**WORK ORDER:**
In the material below, find the line with "Movilización de apoyo" and the line with "Poster a bird". Output exactly those two lines and all lines between them, leaving out pictures.

**INPUT DATA:**
=== Begin Enclosure ===

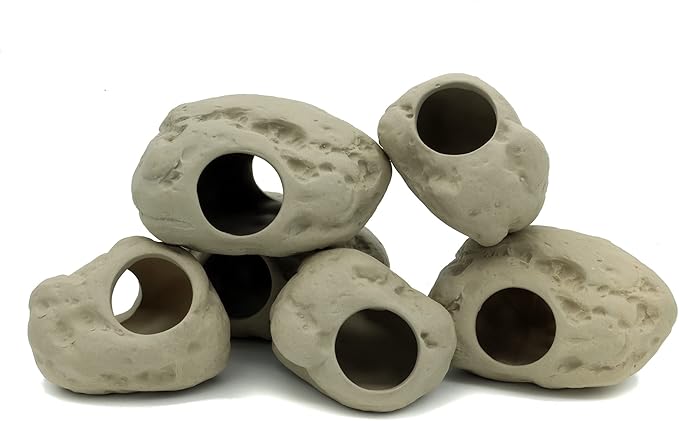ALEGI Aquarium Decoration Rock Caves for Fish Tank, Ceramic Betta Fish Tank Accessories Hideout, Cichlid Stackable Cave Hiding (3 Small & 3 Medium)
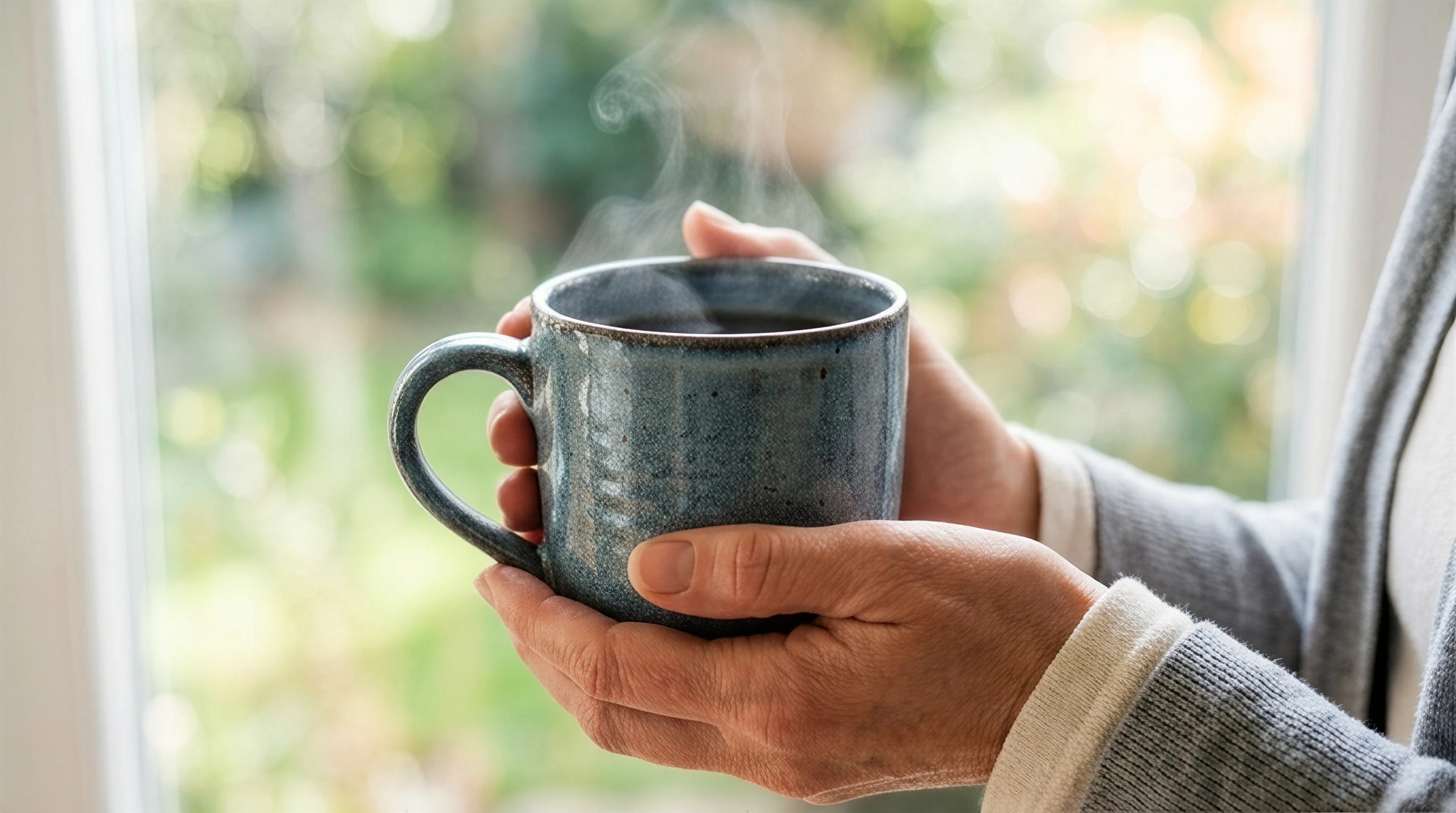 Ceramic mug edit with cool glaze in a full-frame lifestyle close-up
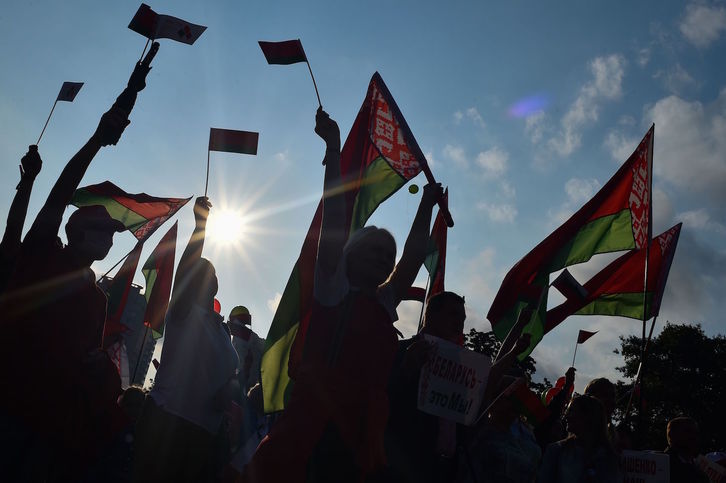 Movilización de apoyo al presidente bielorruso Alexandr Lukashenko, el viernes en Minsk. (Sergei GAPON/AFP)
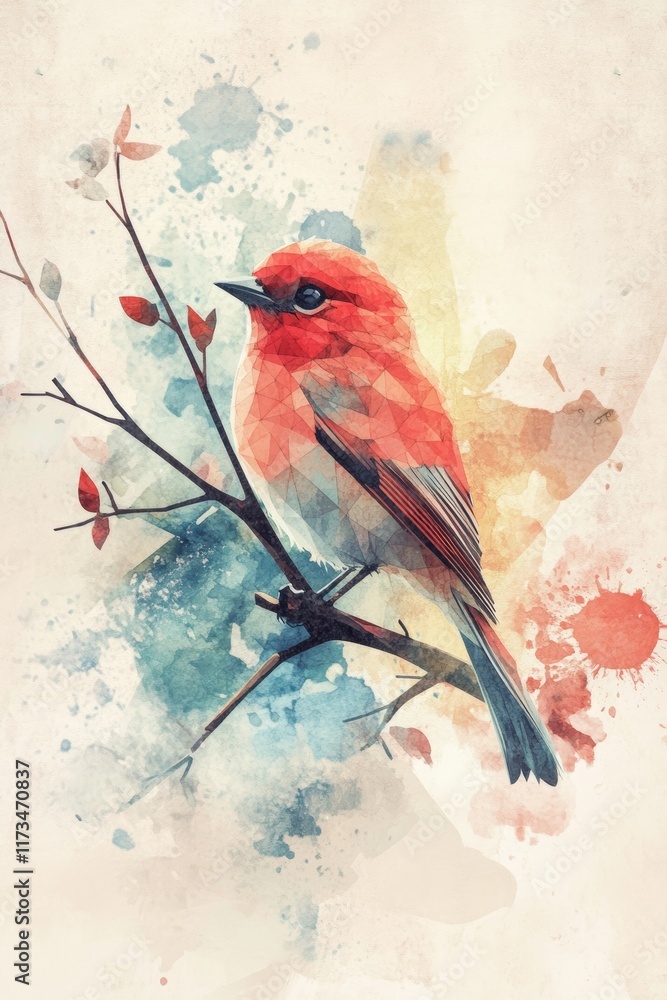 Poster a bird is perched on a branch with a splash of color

=== End Enclosure ===
=== Begin Enclosure ===

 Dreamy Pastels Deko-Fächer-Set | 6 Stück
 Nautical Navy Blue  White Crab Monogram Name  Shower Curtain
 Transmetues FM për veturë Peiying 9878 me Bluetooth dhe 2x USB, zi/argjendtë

=== End Enclosure ===
=== Begin Enclosure ===

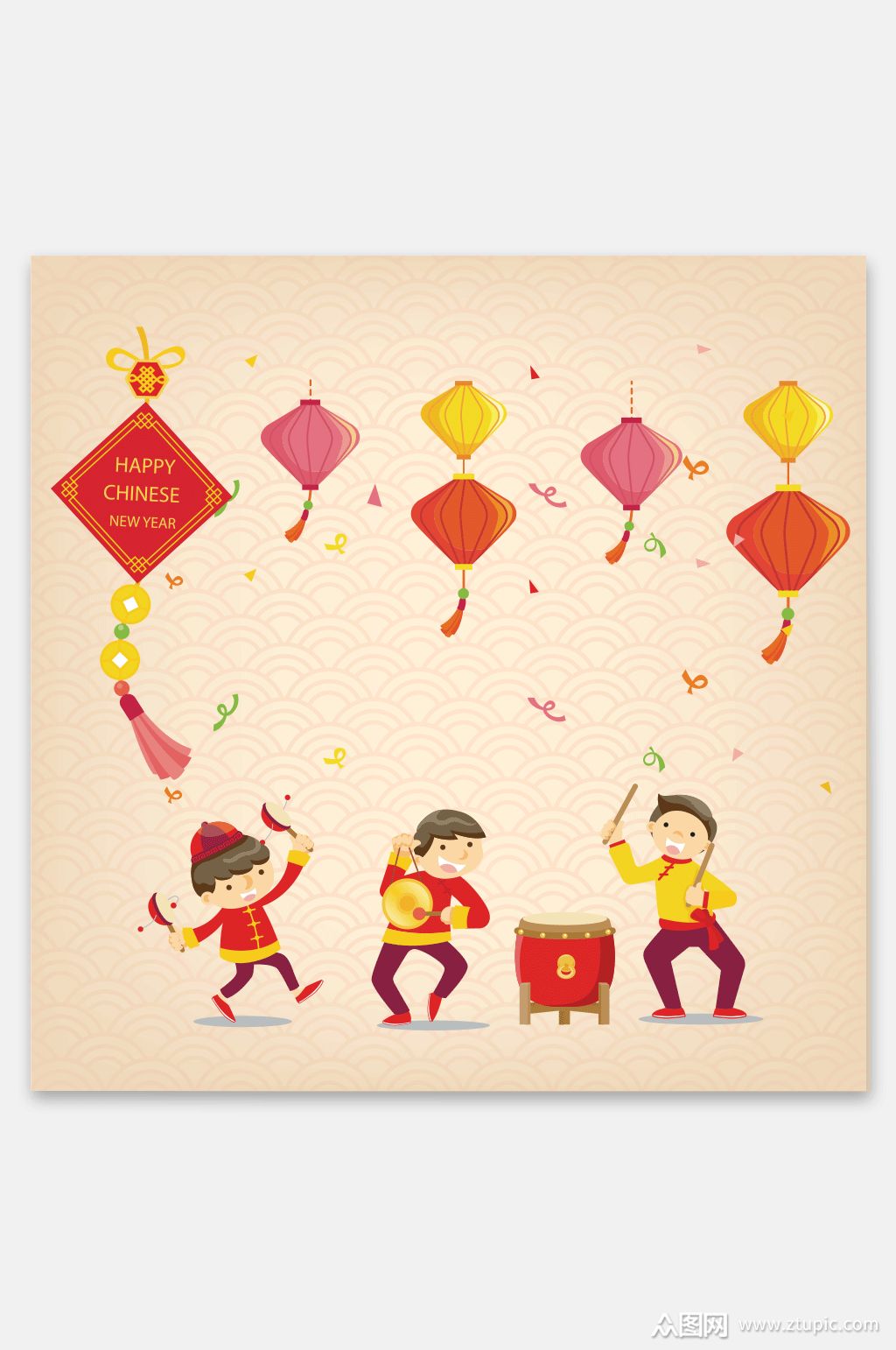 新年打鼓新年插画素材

=== End Enclosure ===

**EXERCISE RESULT:**
 Movilización de apoyo al presidente bielorruso Alexandr Lukashenko, el viernes en Minsk. (Sergei GAPON/AFP)
 Poster a bird is perched on a branch with a splash of color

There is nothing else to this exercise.